• Supplied records
^^^^^^^^
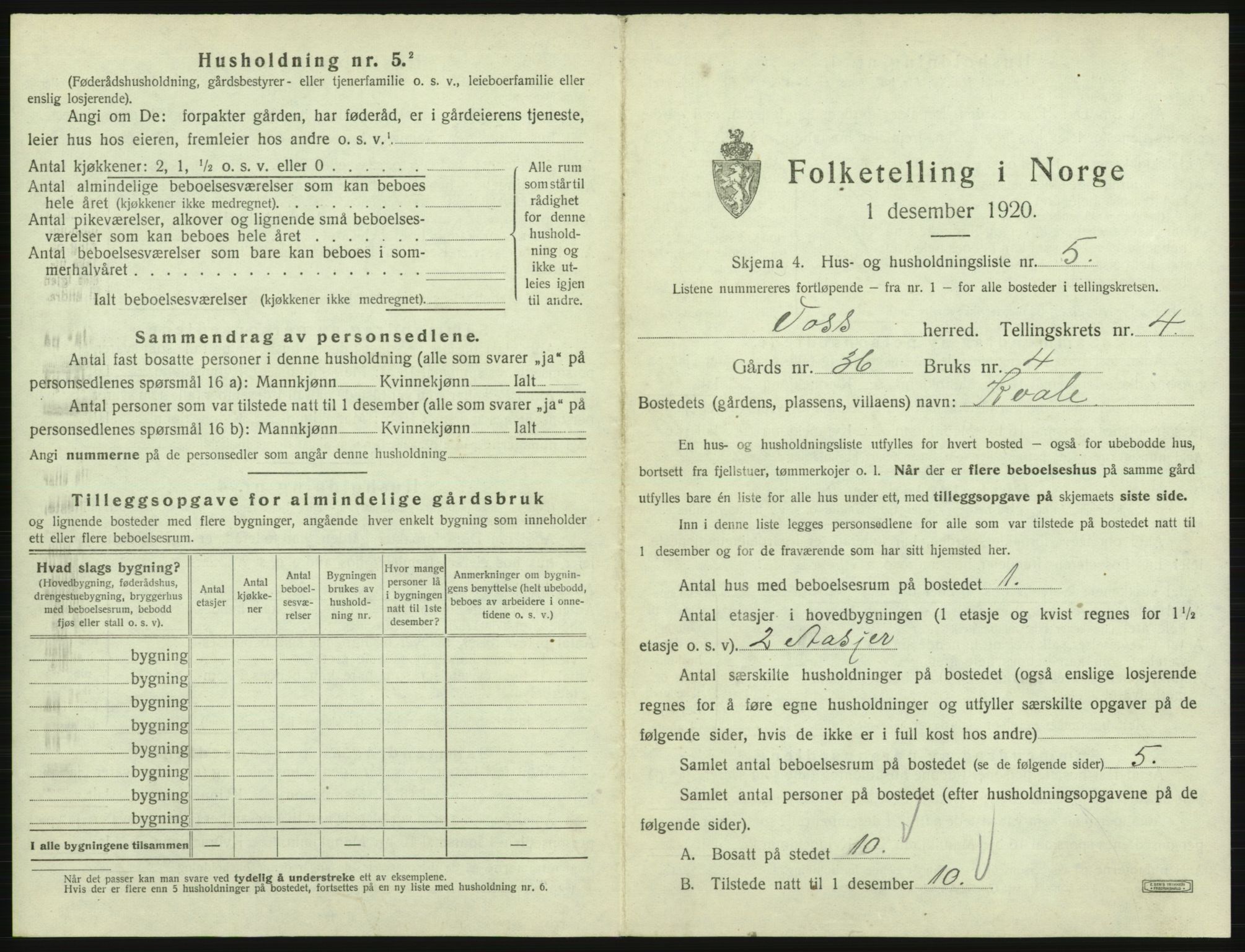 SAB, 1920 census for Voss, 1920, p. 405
^^^^^^^^
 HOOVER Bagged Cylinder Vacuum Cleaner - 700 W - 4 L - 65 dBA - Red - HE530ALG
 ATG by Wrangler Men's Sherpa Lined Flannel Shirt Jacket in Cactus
^^^^^^^^
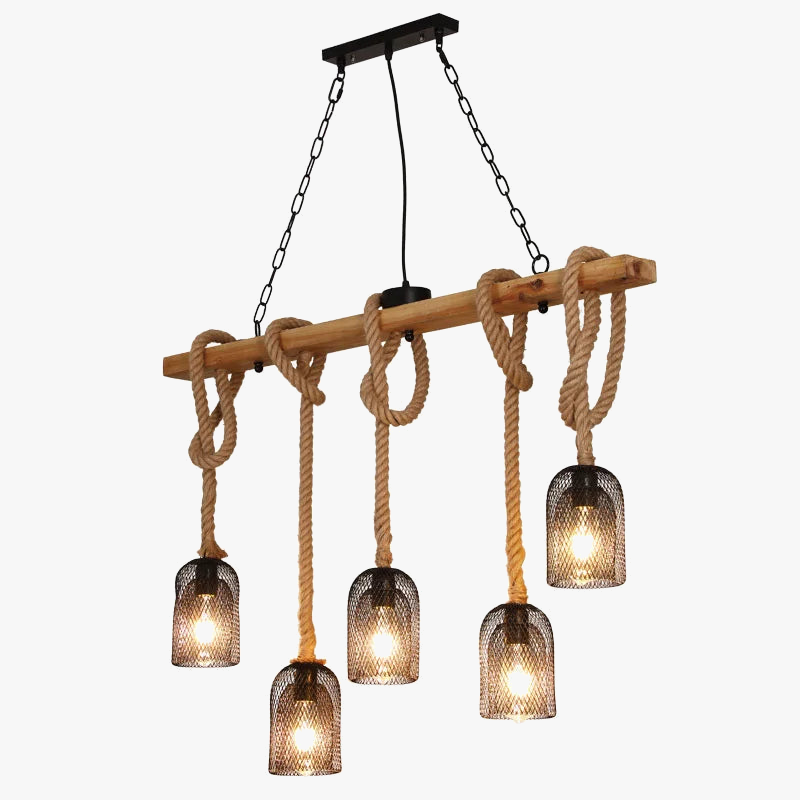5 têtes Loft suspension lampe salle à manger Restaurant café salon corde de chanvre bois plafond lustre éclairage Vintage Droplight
^^^^^^^^
Above are the records; from them, give again exactly the lines from the one containing "HOOVER Bagged Cylinder" to the one containing "ATG by Wrangler", both lines included, and nothing more.

• Answer box
 HOOVER Bagged Cylinder Vacuum Cleaner - 700 W - 4 L - 65 dBA - Red - HE530ALG
 ATG by Wrangler Men's Sherpa Lined Flannel Shirt Jacket in Cactus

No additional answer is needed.